I got my Steg SQ32 pair today. Only took 3 days from llithuania UPS. I cant believe that. Audiostatus didnt even provide a tracking and magic it shows up. Going to take out the SB29 and test these. Here some photos compared to the D3004 SB29 SQ32 and D3004 beryllium. The Steg seemed to be the heaviest weight wise and the build is very nice for a 170 USD pair.


----------



## jadair18




----------



## jadair18

I just was able to Auto EQ them with REW pink noise on my helix ultra and they are a good amount louder than the small format SB29 which I had to tune at louder pink noise -20db to get it matched to the other drivers. I just retuned the system with a -30db pink noise rew which is closer to the -35db I could tune when I had the large format sb29 neo. The driver does a better job off axis vs the small formatt sb 29 and I impressed enough to keep it for a while and burn her in. So far it seems like these might be a very good deal at 175 USD a pair.


----------



## jadair18

did some more testing - and wow improvement on sound stage and detail. I feel like these are at least 1-2 tiers above the SB29 small format. Pretty impressed and would recommend these to anyone for a high value tweeter - Fred and sound on youtube isn't Bsing


----------



## Purenv

jadair18 said:


> did some more testing - and wow improvement on sound stage and detail. I feel like these are at least 1-2 tiers above the SB29 small format. Pretty impressed and would recommend these to anyone for a high value tweeter - Fred and sound on youtube isn't Bsing


i don’t suppose you know or remember what size hole is required to surface mount the SQ32?


----------



## jadair18

I believe its close to 2 inches but I cant find online very easy either. You can email [email protected] to find out as well.


----------



## TommyDS

Purenv said:


> i don’t suppose you know or remember what size hole is required to surface mount the SQ32?

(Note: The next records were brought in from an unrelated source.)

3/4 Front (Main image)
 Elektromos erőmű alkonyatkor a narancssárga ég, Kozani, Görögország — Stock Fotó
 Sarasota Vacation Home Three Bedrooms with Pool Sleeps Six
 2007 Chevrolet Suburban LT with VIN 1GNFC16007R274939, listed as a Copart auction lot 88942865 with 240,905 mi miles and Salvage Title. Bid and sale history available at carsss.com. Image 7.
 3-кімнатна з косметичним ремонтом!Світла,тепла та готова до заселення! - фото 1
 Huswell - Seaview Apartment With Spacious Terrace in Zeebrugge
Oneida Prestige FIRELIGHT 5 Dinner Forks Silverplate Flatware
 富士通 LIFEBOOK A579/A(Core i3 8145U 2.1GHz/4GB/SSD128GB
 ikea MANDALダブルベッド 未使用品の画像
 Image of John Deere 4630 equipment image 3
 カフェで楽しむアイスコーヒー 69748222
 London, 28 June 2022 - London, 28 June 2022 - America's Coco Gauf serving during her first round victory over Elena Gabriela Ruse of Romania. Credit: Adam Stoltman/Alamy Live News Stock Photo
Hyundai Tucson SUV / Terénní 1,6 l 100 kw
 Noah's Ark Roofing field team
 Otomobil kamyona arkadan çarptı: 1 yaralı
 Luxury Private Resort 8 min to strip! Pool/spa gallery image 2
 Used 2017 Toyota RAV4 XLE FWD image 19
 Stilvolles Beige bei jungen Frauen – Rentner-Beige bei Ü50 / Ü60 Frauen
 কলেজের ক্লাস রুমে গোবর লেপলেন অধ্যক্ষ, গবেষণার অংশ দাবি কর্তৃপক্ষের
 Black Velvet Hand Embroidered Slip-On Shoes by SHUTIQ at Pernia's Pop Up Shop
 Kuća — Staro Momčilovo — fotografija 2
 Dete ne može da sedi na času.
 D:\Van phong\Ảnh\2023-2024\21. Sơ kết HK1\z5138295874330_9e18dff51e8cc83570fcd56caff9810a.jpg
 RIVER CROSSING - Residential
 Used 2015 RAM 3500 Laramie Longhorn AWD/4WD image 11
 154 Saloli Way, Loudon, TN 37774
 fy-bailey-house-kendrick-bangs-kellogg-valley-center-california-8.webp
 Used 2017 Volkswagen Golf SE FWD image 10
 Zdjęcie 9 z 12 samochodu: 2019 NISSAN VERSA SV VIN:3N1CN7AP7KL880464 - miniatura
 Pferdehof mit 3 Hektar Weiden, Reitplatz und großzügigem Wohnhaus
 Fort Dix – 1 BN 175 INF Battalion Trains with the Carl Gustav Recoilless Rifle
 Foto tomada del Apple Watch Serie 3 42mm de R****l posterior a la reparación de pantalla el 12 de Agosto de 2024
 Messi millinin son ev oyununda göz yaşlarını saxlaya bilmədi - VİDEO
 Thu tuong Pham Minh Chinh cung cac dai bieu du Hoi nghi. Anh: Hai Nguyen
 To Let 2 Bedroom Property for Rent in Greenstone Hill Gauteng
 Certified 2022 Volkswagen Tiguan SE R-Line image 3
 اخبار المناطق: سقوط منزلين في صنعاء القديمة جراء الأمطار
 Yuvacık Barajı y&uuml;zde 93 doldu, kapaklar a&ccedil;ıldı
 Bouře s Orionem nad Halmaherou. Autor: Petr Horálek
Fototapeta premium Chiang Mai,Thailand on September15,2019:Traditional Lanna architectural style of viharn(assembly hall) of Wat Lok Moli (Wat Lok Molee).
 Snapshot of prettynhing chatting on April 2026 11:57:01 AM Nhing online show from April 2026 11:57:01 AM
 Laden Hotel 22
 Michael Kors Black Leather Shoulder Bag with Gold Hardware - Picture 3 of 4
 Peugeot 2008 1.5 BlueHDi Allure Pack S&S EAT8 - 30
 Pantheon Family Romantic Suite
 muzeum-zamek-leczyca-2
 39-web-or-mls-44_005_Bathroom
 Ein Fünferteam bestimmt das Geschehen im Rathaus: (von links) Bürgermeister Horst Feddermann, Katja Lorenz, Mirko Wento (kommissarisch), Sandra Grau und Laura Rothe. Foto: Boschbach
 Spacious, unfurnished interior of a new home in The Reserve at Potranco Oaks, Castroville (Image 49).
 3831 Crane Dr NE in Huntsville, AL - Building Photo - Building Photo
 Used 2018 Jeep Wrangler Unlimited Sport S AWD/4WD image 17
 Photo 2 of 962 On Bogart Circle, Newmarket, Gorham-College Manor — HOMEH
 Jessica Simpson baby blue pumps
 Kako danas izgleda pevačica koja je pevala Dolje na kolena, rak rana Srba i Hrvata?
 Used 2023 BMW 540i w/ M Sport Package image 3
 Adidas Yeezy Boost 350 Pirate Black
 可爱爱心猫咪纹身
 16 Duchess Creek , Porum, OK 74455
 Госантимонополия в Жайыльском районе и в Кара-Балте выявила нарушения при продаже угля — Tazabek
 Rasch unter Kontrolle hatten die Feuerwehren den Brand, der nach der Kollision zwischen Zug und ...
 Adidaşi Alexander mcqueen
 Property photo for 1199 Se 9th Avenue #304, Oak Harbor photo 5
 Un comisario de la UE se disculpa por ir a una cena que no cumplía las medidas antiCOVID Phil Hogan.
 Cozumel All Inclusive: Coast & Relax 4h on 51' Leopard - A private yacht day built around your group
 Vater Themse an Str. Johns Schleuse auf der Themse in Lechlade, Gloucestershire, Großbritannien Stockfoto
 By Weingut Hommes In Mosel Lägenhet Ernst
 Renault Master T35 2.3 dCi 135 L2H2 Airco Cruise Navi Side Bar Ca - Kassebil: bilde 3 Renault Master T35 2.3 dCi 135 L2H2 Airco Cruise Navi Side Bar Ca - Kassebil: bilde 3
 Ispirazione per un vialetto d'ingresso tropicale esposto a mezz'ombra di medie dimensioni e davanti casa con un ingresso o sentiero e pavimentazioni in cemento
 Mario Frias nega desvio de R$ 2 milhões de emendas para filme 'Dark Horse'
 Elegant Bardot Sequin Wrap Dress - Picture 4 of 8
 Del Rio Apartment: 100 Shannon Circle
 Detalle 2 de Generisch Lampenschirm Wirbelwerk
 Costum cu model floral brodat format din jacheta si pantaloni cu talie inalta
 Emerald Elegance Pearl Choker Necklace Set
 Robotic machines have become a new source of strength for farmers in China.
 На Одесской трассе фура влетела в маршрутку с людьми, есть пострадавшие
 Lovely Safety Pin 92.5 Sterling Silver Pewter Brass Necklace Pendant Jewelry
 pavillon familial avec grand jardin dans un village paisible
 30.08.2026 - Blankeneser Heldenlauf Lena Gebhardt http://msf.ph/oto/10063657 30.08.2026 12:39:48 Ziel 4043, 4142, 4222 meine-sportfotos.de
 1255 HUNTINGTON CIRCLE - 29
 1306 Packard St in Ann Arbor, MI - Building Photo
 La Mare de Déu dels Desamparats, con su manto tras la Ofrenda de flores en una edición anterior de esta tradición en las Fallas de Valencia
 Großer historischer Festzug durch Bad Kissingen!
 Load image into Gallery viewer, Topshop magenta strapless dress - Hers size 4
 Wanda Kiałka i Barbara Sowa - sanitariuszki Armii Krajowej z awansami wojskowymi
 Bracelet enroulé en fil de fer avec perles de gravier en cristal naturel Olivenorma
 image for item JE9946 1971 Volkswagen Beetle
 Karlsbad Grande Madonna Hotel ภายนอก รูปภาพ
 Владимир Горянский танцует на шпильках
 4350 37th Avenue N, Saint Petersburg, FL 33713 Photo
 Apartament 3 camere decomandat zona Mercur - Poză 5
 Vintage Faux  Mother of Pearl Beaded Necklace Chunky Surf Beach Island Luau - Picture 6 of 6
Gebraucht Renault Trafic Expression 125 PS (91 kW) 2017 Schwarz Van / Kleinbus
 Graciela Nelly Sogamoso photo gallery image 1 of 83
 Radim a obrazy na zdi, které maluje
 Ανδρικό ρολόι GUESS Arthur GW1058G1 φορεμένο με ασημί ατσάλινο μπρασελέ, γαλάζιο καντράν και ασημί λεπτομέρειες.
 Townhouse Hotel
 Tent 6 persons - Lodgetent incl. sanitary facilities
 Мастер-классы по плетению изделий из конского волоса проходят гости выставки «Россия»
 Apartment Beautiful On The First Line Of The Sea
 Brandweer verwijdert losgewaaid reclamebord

You can find the technical sheet in GT Trading website (Steg owner) https://4c92747f-964d-4df7-a352-3d3...d/1e7b8f_feda3ca7ead94f988b8799e0e2e8faa7.pdf


----------



## Purenv

TommyDS said:


> You can find the technical sheet in GT Trading website (Steg owner) https://4c92747f-964d-4df7-a352-3d3...d/1e7b8f_feda3ca7ead94f988b8799e0e2e8faa7.pdf


thank you!!!


----------



## 727south

The SQ32 are in after 15 hours of burned in it sound so good, no harsh.
The SQ32 are big will not fix in most stock location, lucky mine are fix on the outside.
Thanks again jadair18


----------



## Patriot83

Maybe Fred was telling the truth this whole time.


----------



## jadair18

727south said:


> The SQ32 are in after 15 hours of burned in it sound so good, no harsh.
> The SQ32 are big will not fix in most stock location, lucky mine are fix on the outside.
> Thanks again jadair18



Glad you enjoyed them. I seriously dont think there is a better tweeter pair for 170 USD. I think these can compete with tweeters up to 400 a pair like the audiofrog gb15. I just swapped my Steg SQ32 tweeters for some Bliesma T25 Beryliumn and omg these take the stegs to another planet but they are 600 usd new. I would say the Blesima t25 is like a steg sq32 mated with a scanspeak d3004 beryllium.


----------



## jadair18

Patriot83 said:


> Maybe Fred was telling the truth this whole time.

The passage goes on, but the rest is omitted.